For the 6 of us, we had 35 porters, 2 sirdars, 1 cook and 1 guide. Our guide was Anwar. As part of the orientation, every possible effort was made for everyone to get to the top of Gondogoro La, if at all possible. Trekkers who are close to the summit, are strongly encouraged and assisted to continue. We found this to be true, but we could not have done it without help,
from start to finish.
We spent the first day being briefed at Alpine Club and sightseeing in the twin cities of Islamabad and Rawalpindi. After a sumptuous welcome dinner (local
specialties) and sunset /evening view of the twin cities from Islamabad’s view point, Pir Sohawa, we went off to bed for a good night’s sleep.
We took an internal flight to Skardu, passing close to Nanga Parbat, over hundreds of snow capped peaks and glaciers. It took about 50 minutes, the most spectacular flight I have ever been on. Soon after arrival at Skardu, we were taken for sightseeing to two famous lakes, Kachura and Frokso, and
a village. Late afternoon in Skardu we explored the Skardu Bazaar, checked our personal gear, then relaxed in the picturesque Shangrilla Resorts Garden overlooking the lake.
All ready to go. After packing and breakfast, the porters and guides gathered for work outside the VE office. They had already picked
who they wanted to use, but a crowd was outside hoping for a job. They assigned a guide and 35 porters to our party of six. The head guide was Anwar and his assistant, Aman; personal porter for my gear was Aslem. Scheduled time to head
out was not until 6:00 am. After almost a half hour journey, we stopped briefly to visit Shigar Fort and Khanqah Shigar, both quite old and worth seeing.
It took almost 5 hours in an exciting Land cruiser ride through the wheat fields and apricot orchards of the Shigar Valley to the trail head of Askole Village, Braldo. Askole, is the traditional Balti mountain village and last habitation on our journey into the mountains, it’s surrounded by green irrigated fields. The last few kilometers were steep and rough. It was raining when we got there, a number of groups were ahead of us.
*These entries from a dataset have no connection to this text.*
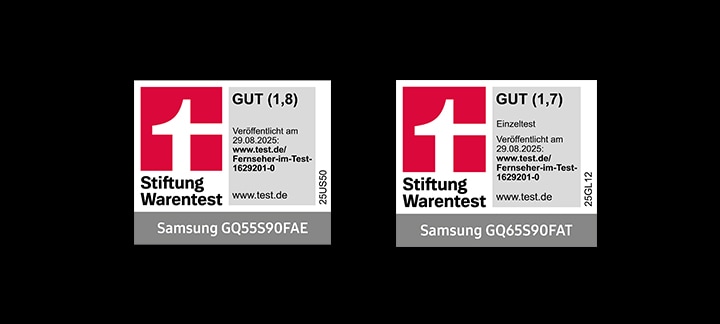 Auf einem Logo stehen Stiftung Warentest Awards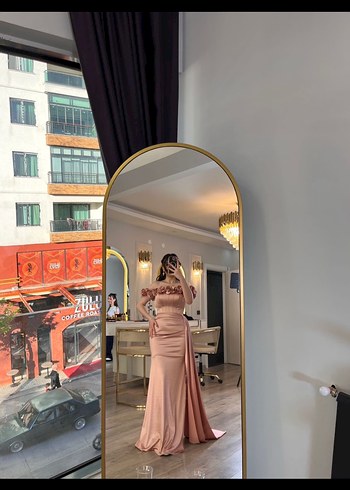 Pembe Straplez Çiçekli Uzun Abiye Elbise - Görsel 5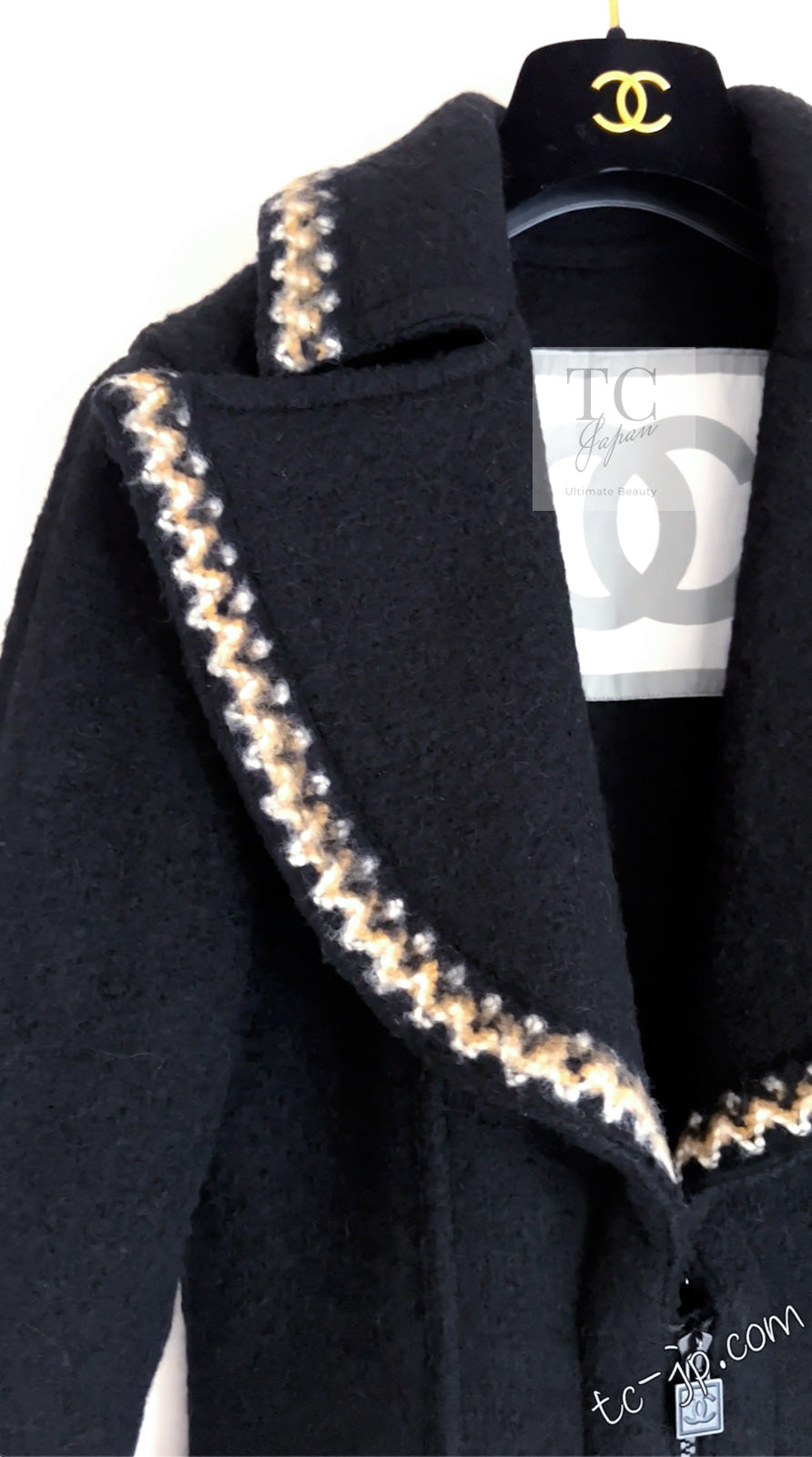 CHANEL 06A Black Zipper CC Logo Wool Alpaca Coat 36 シャネル ブラック ジッパー CCロゴ ウール アルパカ コート 即発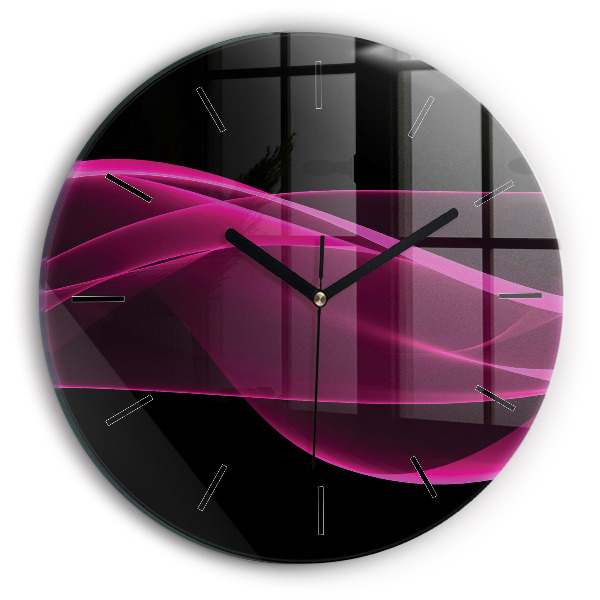 Wanduhr rund Rosa Abstraktion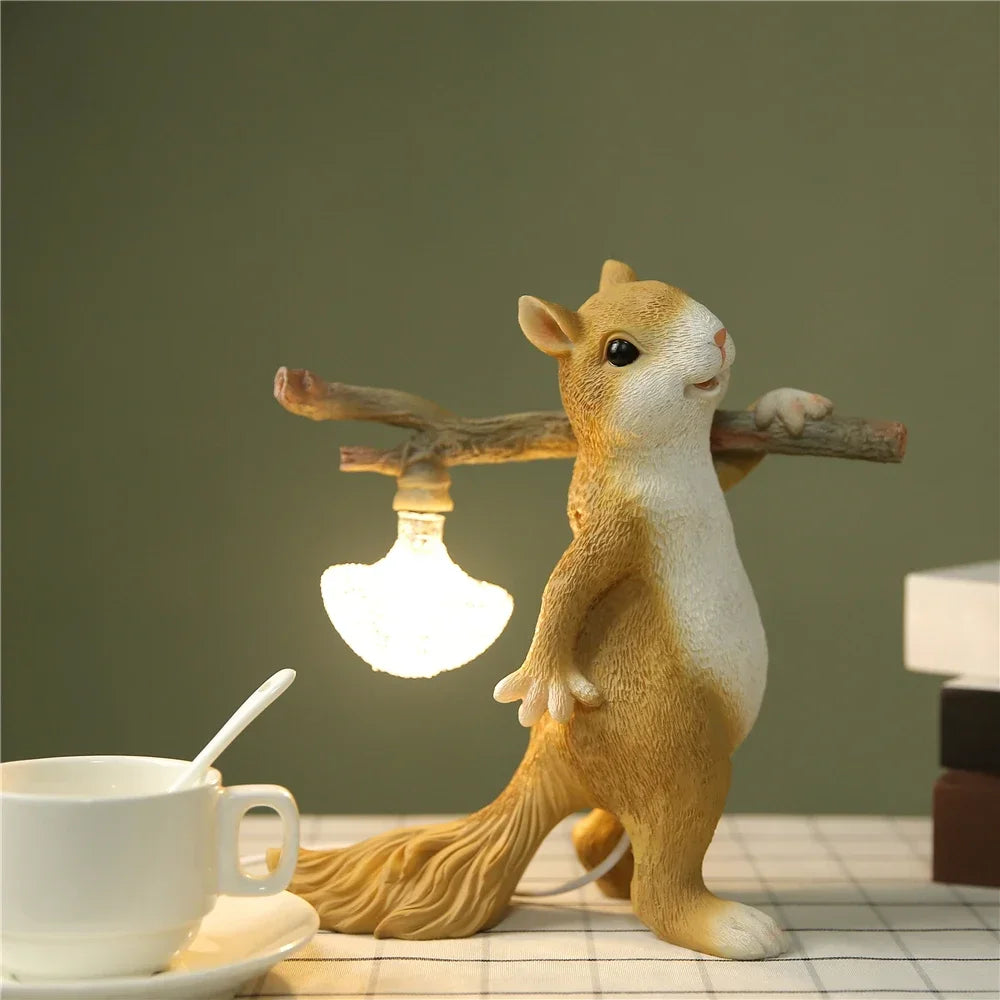 lampe de chevet écureuil intelligent mini veilleuse décorative pour enfants - vue 4 sur 7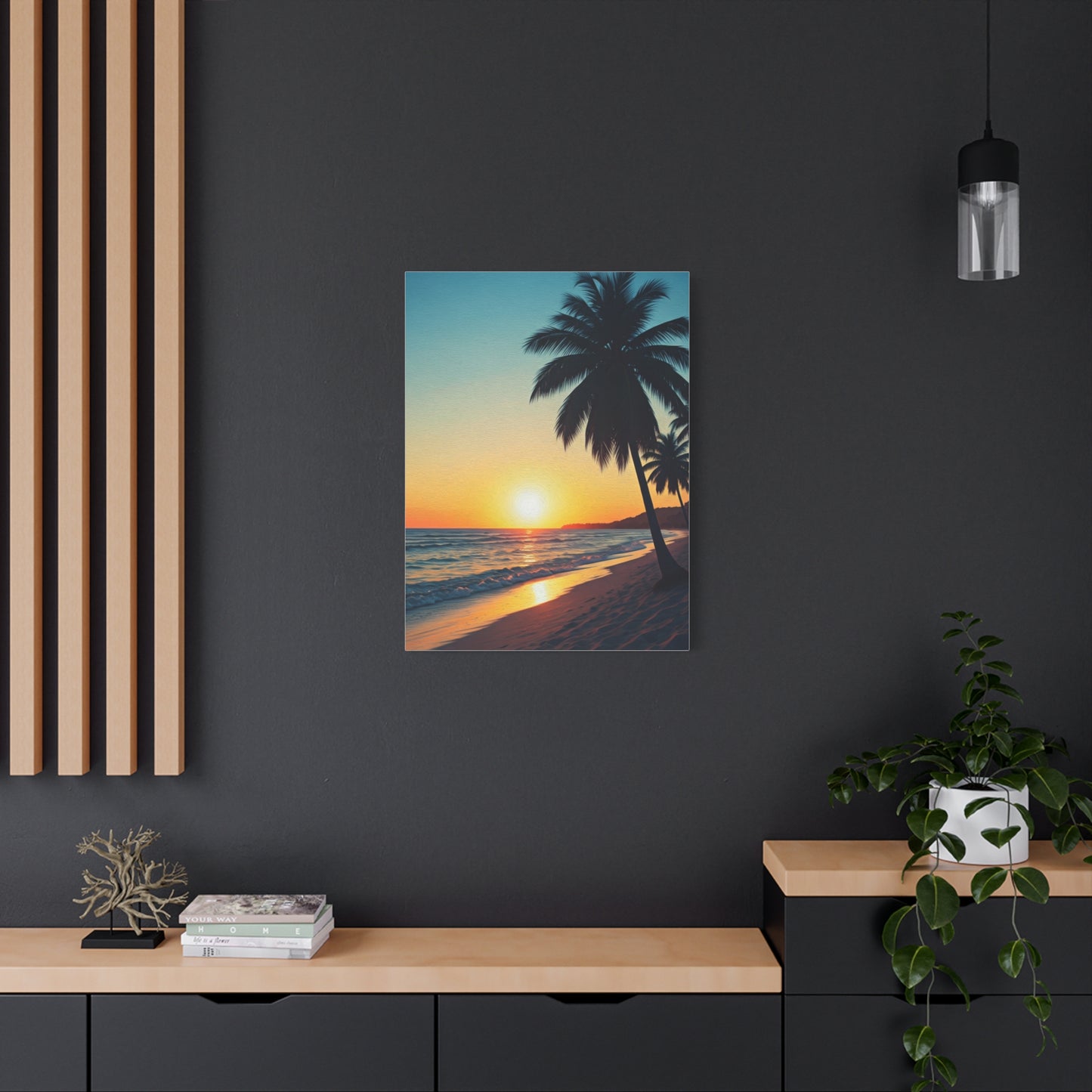 Palm Shore Sunset Escape Wall Art & Canvas Prints
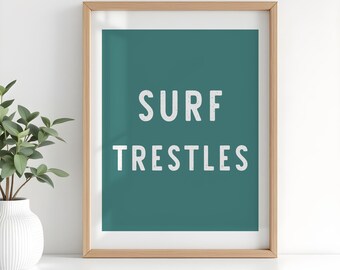Letrero de caballetes de surf Impresión digital Arte de surf de California Descarga instantánea Decoración de pared Encinitas Leucadia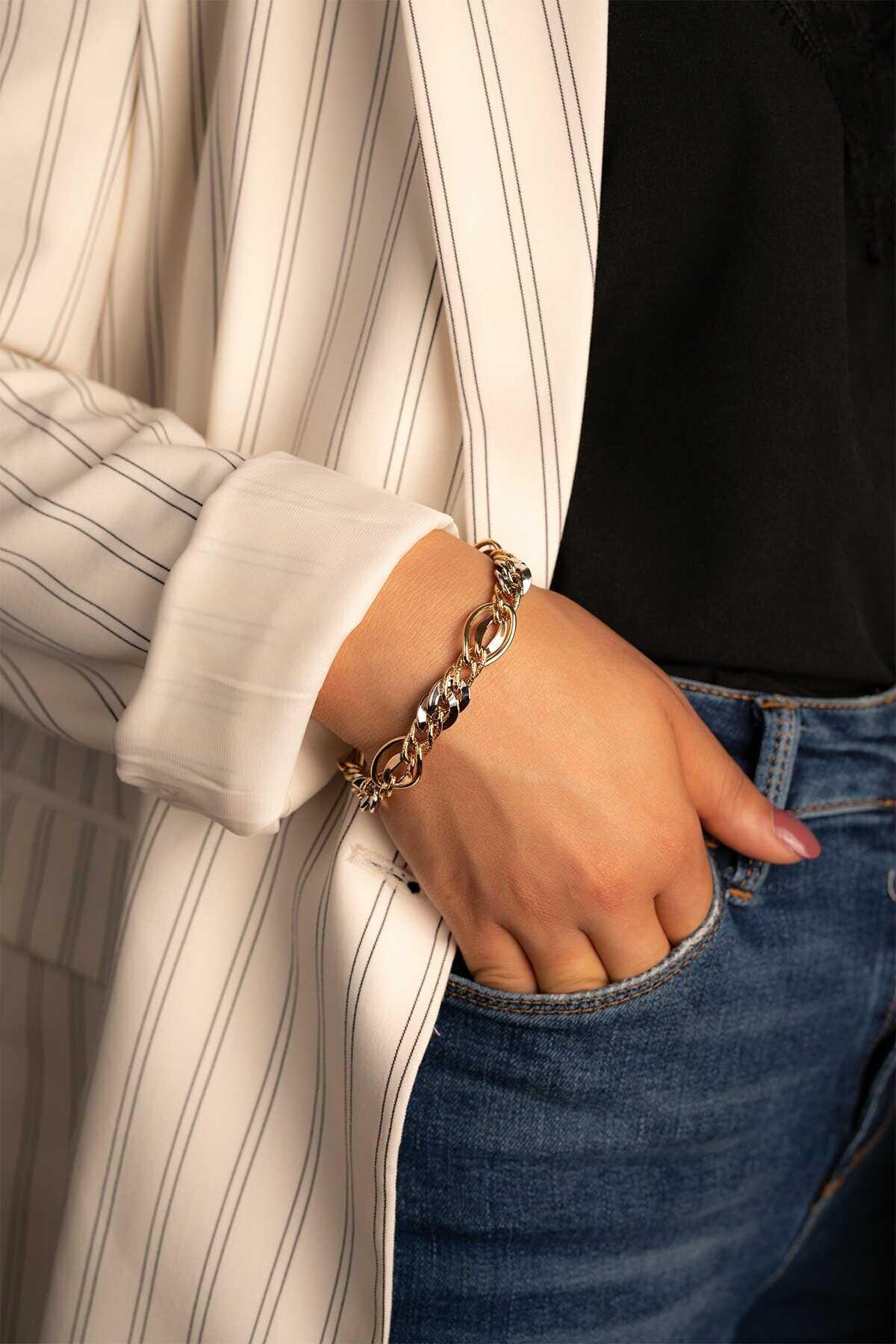 14k Gold Three Color Hallow Bracelet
At 8:15 am we were ready to hit the trail. It was still raining, but my gaiters, rain pants and shell protected me. We were hiking through a rugged terrain with few flowers. Boulders were scattered all
over the place until we came along a rocky stretch full of ups and downs. We started off slowly, but I thought we
were too slow since we began at 3,000 meters. Several other groups passed us; we kept on. As the day went on, the trail got nastier. I fell
once when my stick slipped. I was using two walking sticks, grateful for them too because of the snow and it melting fast. Small streams became strong mountain rivers; we had difficulty crossing them, negotiating fragile wooden bridges
over raging torrents.
We went 20 kilometers, reached Jula and staggered into camp. The surrounding views and the gushing river
made this the perfect place to make camp. We unloaded our gear
in our tents, washed and were served tea and popcorn. Dinner consisted of soup, bread, potatoes, spaghetti, meat,
mango, bananas and dessert. We ate at a folding table, had cloth napkins with the silverware – quite elaborate – more
than I expected. I ate till I was stuffed, carbo loading for the next leg.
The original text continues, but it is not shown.